The primary metabolic role of SAM is methyl group transfer onto nucleobases in DNA and tRNA³² as well as onto homocysteine, guanidine acetate and α-amino acids in proteins. Other methyl acceptors are aminoalcohols such aminoethanol and the precursor of epinephrine. Also methylations of unsaturated fatty acids are driven by SAM leading to branched or cyclopropyl fatty acids. In search for simpler, prebiotic models of SAM, first experimental studies on the methylation of ethanol amine set the trimethylsulfonium ion (Me₃S⁺, 7) into focus.³³ The chemoselective methylation was successful with 7 conducted under dilute, aqueous conditions (Scheme 2A).

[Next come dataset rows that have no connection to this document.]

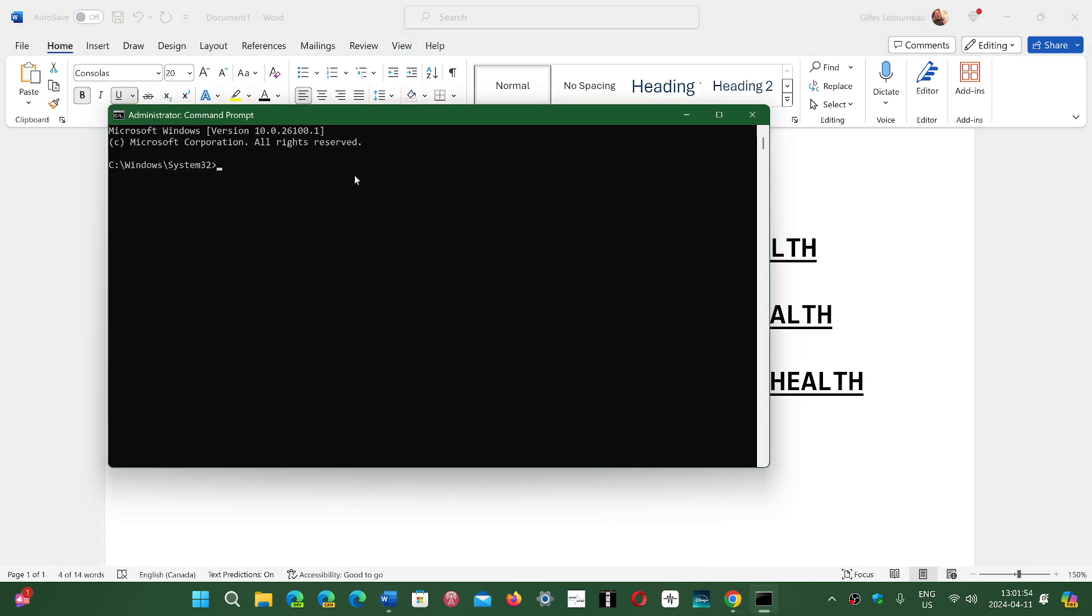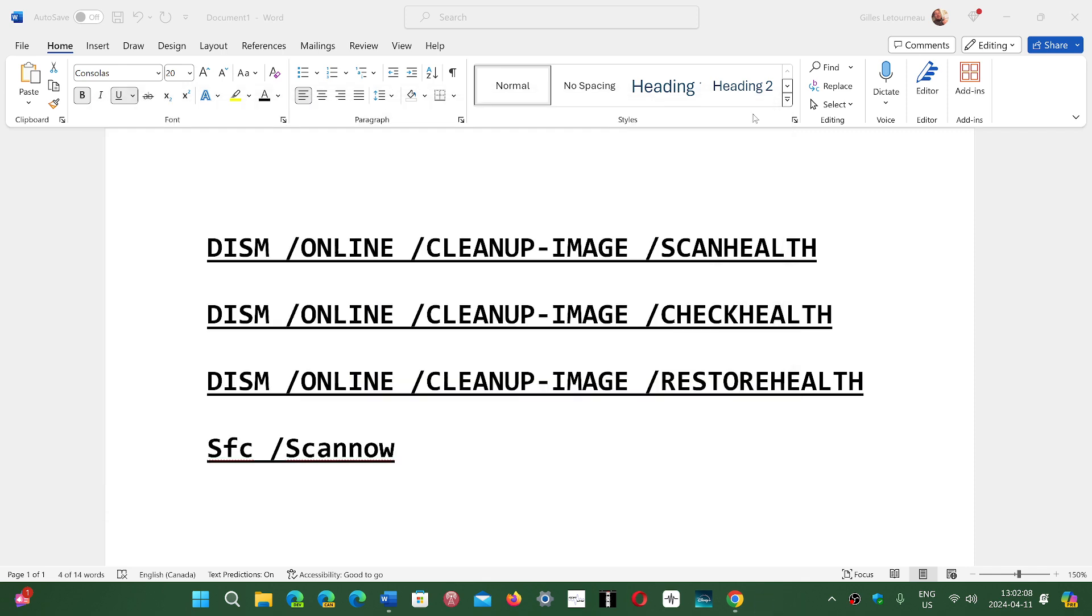Once you copy it, go to your command prompt, right-click and paste so you get the command there. Press Enter, let it do what it has to do. If it finds errors or anything, do all four commands, restart your PC, and see if things get better.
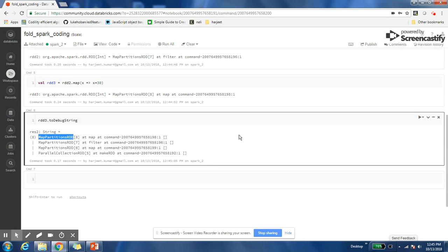Since Spark is storing this information, lineage information, it gives Spark the capability that if some of the partitions are lost as part of machine failure in the cluster, Spark will know that those partitions were created from which other partitions. Who were the parent partitions? Who were the parent RDDs? So Spark will be able to recover from that. This is what makes Spark fault tolerant.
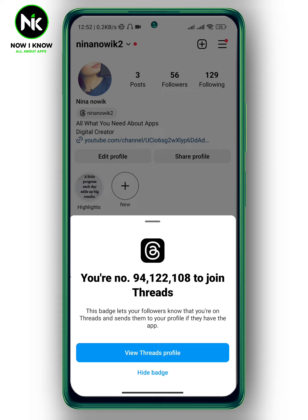For example, you can always show it on your profile, and of course you can hide it if you want to. It says this badge lets your followers know that you're on Threads and sends them to your profile if they have the app. You can always tap on 'View Threads Profile' if you want to view your profile on Threads.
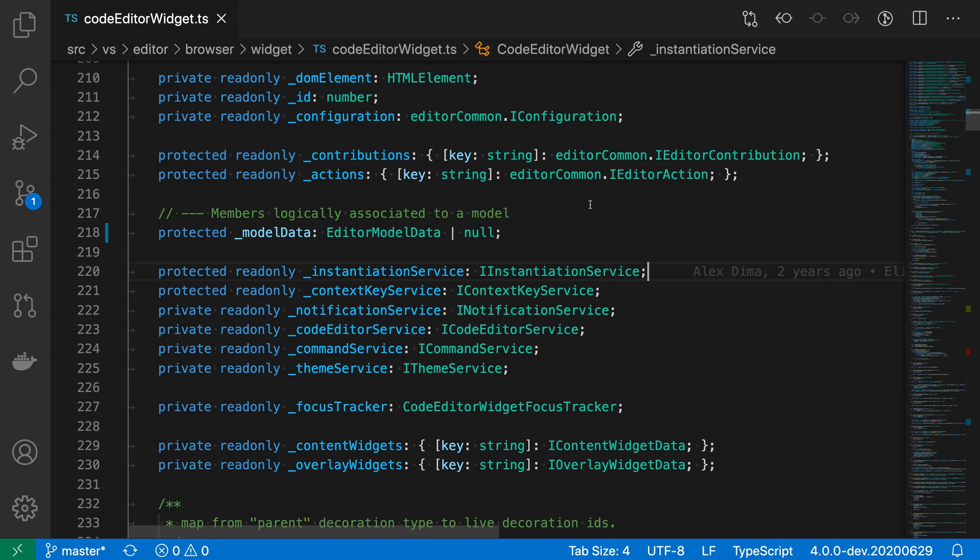The move to next change and move to previous change commands let you quickly navigate between changes in a file just using your keyboard.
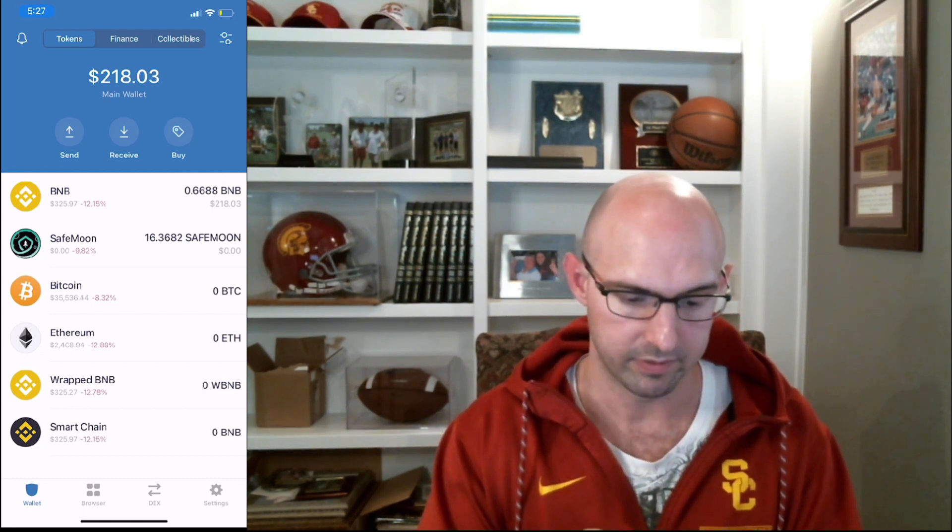I just received my BNB. If we click on BNB, I've received 0.669 today. And if we look back at ChangeNow, it did say 0.666, so I had a little bit extra. That was pretty good.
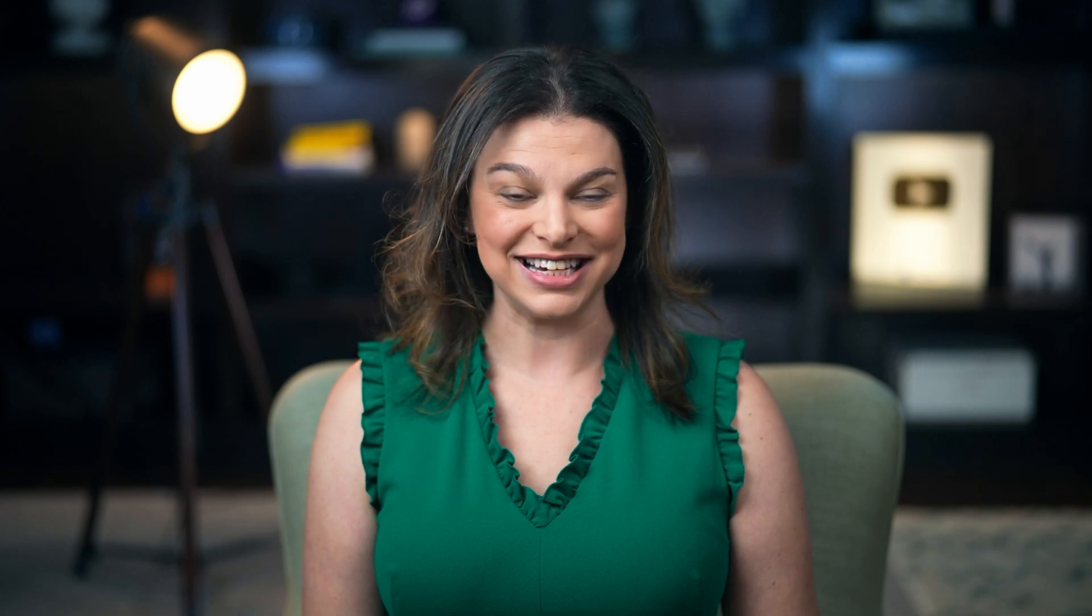You'll also learn how to accept payments from clients up front, automate important notifications like meeting reminders, and manage all of your bookings from one platform, even when you're on the go. Let's dive into how you can more easily run your business with Calendly.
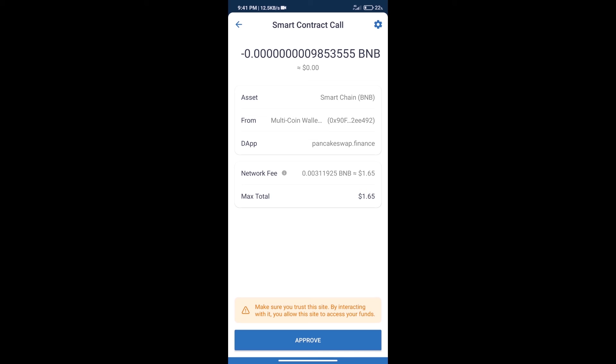After that, we will click on Approve, and finally we will get this token successfully. So guys, I have only shared the technical process, not financial advice. Invest in cryptocurrency at your own risk. Thanks for watching.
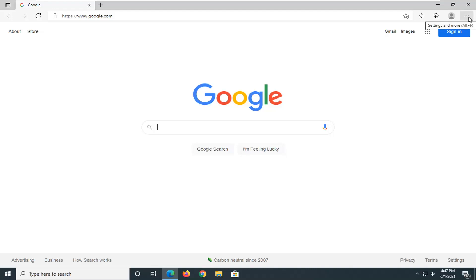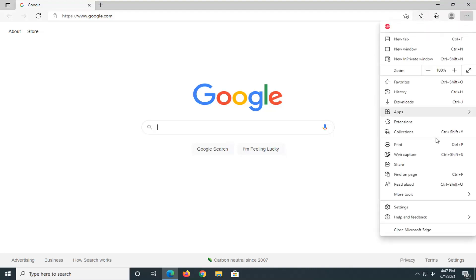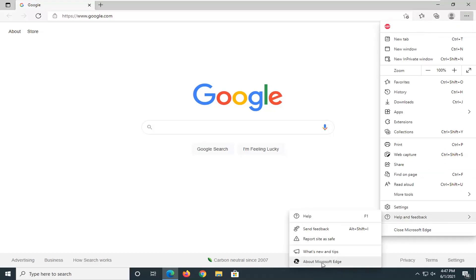Select the menu icon on the top right corner, Settings and More, and left click on it. Select where it says Help and Feedback, and then select About Microsoft Edge.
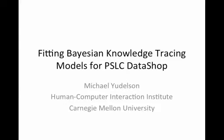This video is intended for people interested in educational data mining and one of the student modeling approaches called Bayesian Knowledge Tracing. I'm going to demo a tool that can help you fit Bayesian Knowledge Tracing models quickly and easily.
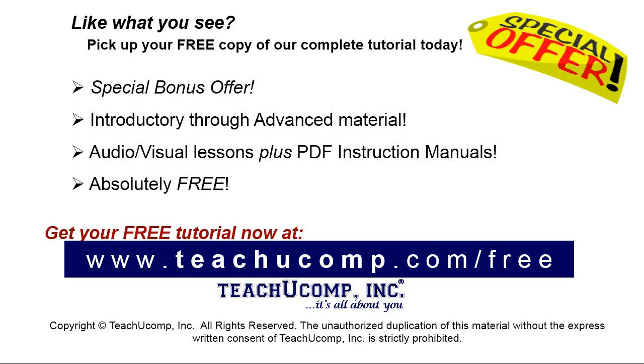Like what you see? Pick up your free copy of the complete tutorial at www.teachyoucomp.com forward slash free.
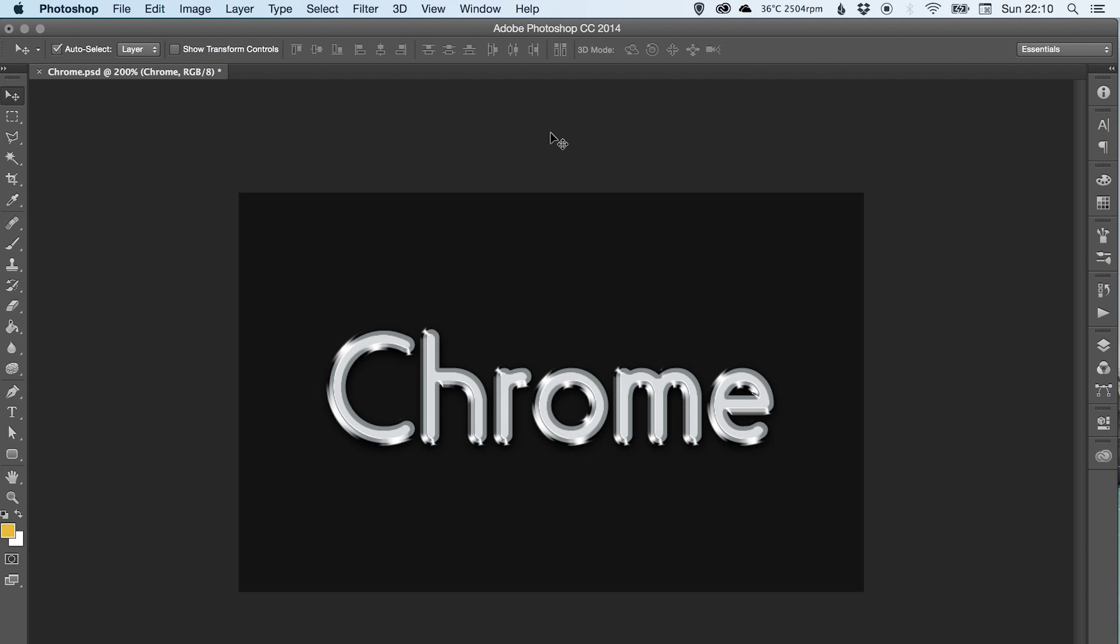Hello, it's Dansky here with another tutorial. In this video, I'm going to be showing you how to create a chrome silver style effect in Adobe Photoshop.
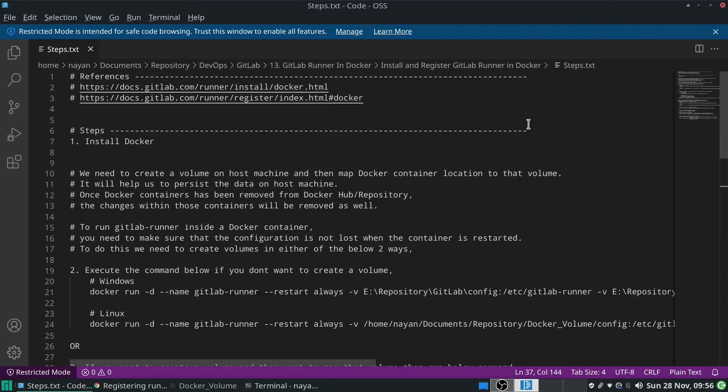Hello everyone. In today's session, we will see how to install and register GitLab Runner in Docker. For this purpose, I have listed down the steps that we will see in practical. To create these steps, I have utilized these two URLs. Let's see the steps one by one.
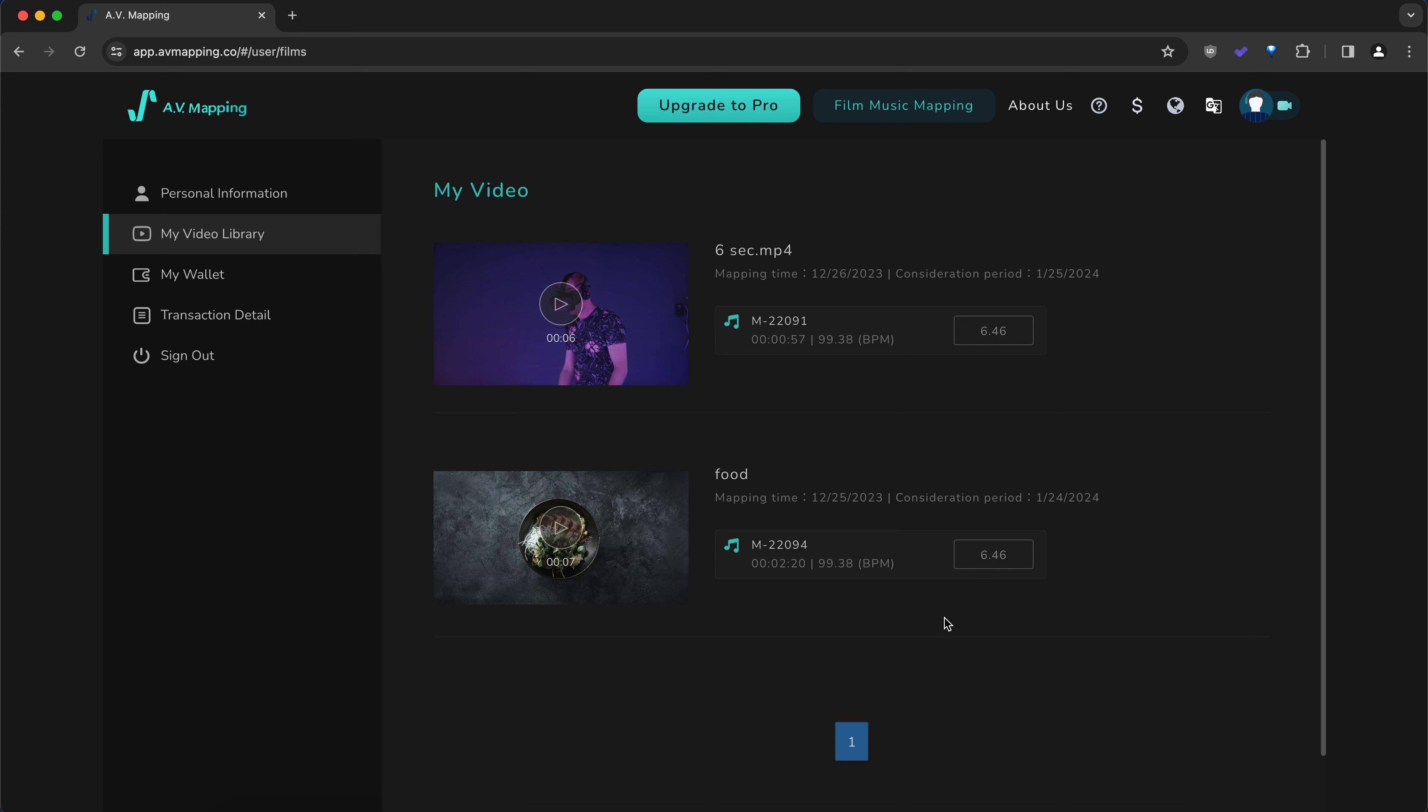Where can you find the results of a video that you have analyzed in the past? And how long are those results available for?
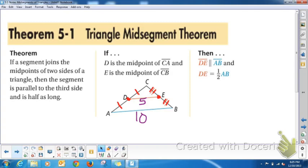The mid-segment of a triangle is parallel to the third side — the side that it does not intersect. See how D and E intersect the other two sides. And it's half the length of that third side.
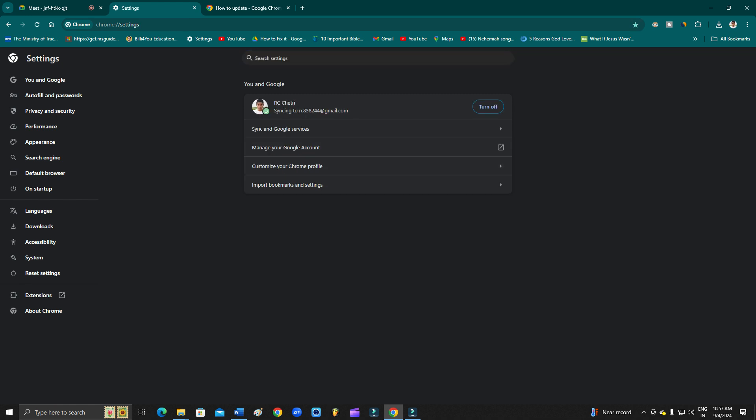The ninth solution is to open another camera application on your computer and check whether you are facing the same camera problem there. If the camera fails in other applications too, you may have a hardware issue. For PC users with an external webcam, unplug the camera cable and replug it. If you are on a laptop and the camera fails in other apps as well, you may have a hardware issue and should visit a technician.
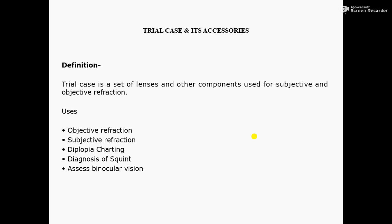The uses are for objective refraction, subjective refraction, diplopia charting, diagnosis of squint, and assessment of binocular vision. Thank you.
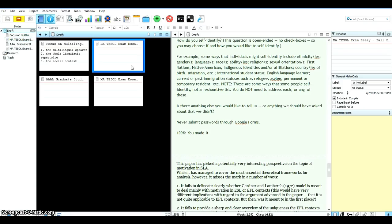So this is how you can interconnect your Evernote and Scrivener. And this is really convenient. I hope this will be helpful to you and thanks for watching. Have a good day. Bye.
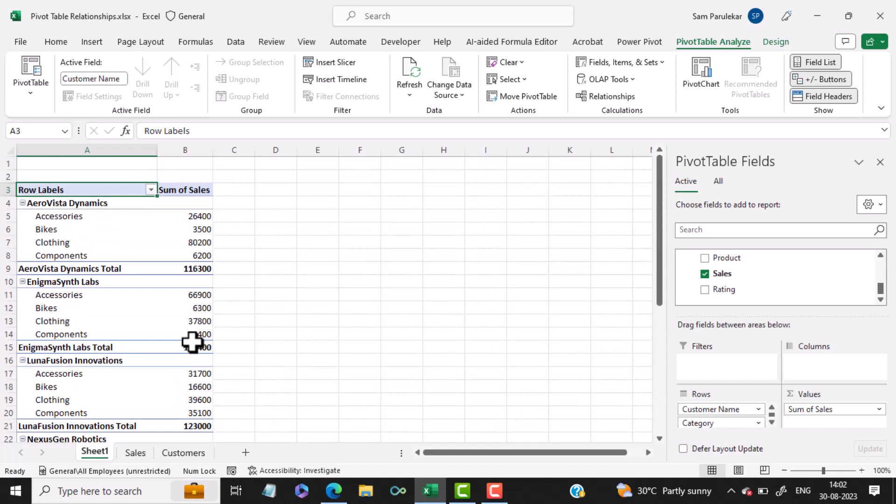So friends, in this video, we have studied how to set up relationships using PivotTables in Microsoft Excel. If you have learned something new and liked this video, don't forget to like, share, and subscribe. We will see you again in the next video. Till that time, goodbye.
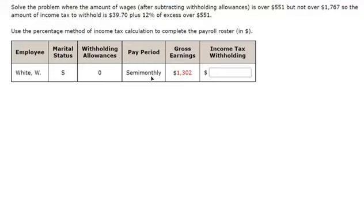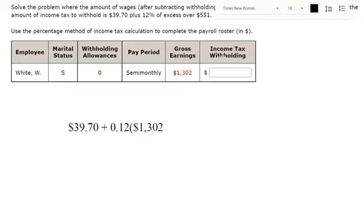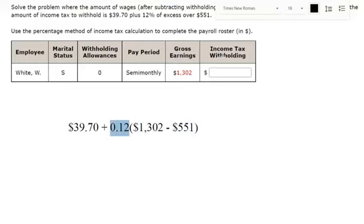The instructions here are to calculate how much income tax withholding. The income tax is $39.70 plus 12% of the excess over 551. To calculate the excess over 551, we take how much they had in gross earnings and subtract it by 551. This represents the amount of dollars we have over 551, and it's taxed at 12%.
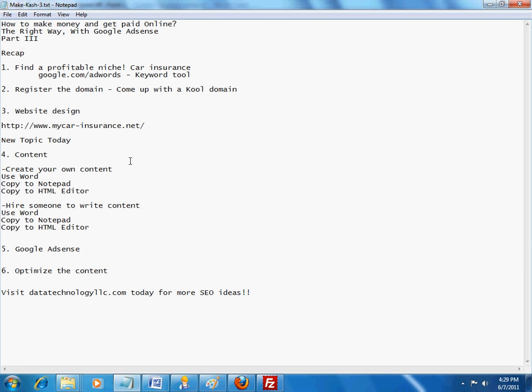By the way, this is our website, datatechnologyllc.com. Feel free to check it out. We do have some tips and tricks on search engine optimization. And just FYI, we are doing a partnership with Google, and we are offering $100 off for Google AdWords. This is the program that you can sign up to essentially display your ads. So keep that in mind.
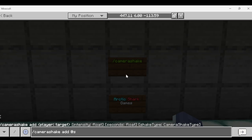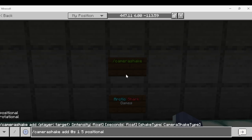Then we're going to do an intensity level — you can choose an integer between 1 to 4. I'm going to choose 1. You can also choose a time, any amount between 0 to the integer limit of 9,999,999,999. We're going to do about 5 seconds. Then you can choose between two different types of Camera Shake: Positional and Rotational. We're going to do Positional first just to see what that looks like.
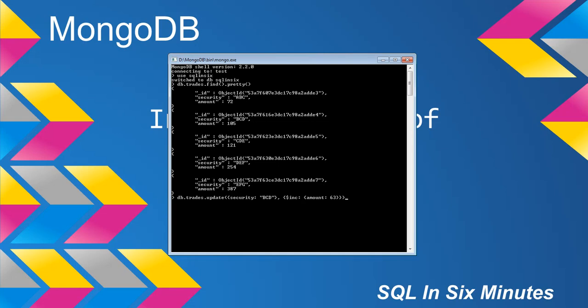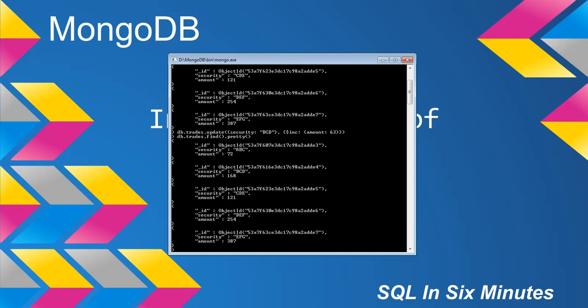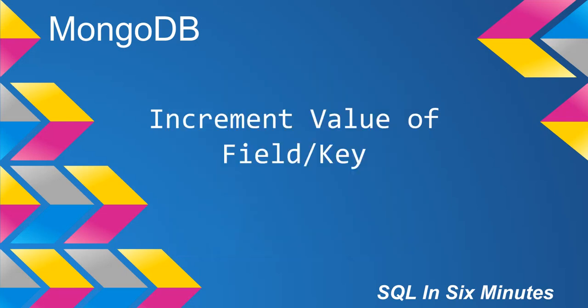What we're going to do here is update where security BCD, and we're going to increase by amount of 63. This is very useful because it doesn't change the existing amount. It adds to the existing amount. So in other words, it's not going to become 63. You will notice it now is 168, which of course is 63 plus 105.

Scheme 2 (A) The methylating properties of the trimethylsulfonium cation 7; (B) formation of (poly)sulfanes 10 and 12; (C) hypothetic sulfonium species 13–15 derived from sulfanes and possible routes from prebiotic plausible sulfur sources (possible oxidants: Fe³⁺, H₂O₂ and NO).

However, the probable origin of these cationic species under prebiotic conditions has not yet been clarified, as a chemical route would have to start from dimethyl sulfide 16. While 16, like thiomethanol 11, are products of deep-sea vents, the source of the third methyl group is unclear, which calls into question the legitimacy of 7 as a plausible prebiotic source of an electrophilic methyl group.³³ Alternatively, formaldehyde (CH₂O)^34,35 and diazomethane³⁶ were proposed as ancient methylating agents. The former was used in N-methylations of primary amines via intermediate imine formation, while the latter was formed under presumably prebiotic conditions, but due to its high chemical instability, the relevance of diazomethane on early Earth can be critically dicussed.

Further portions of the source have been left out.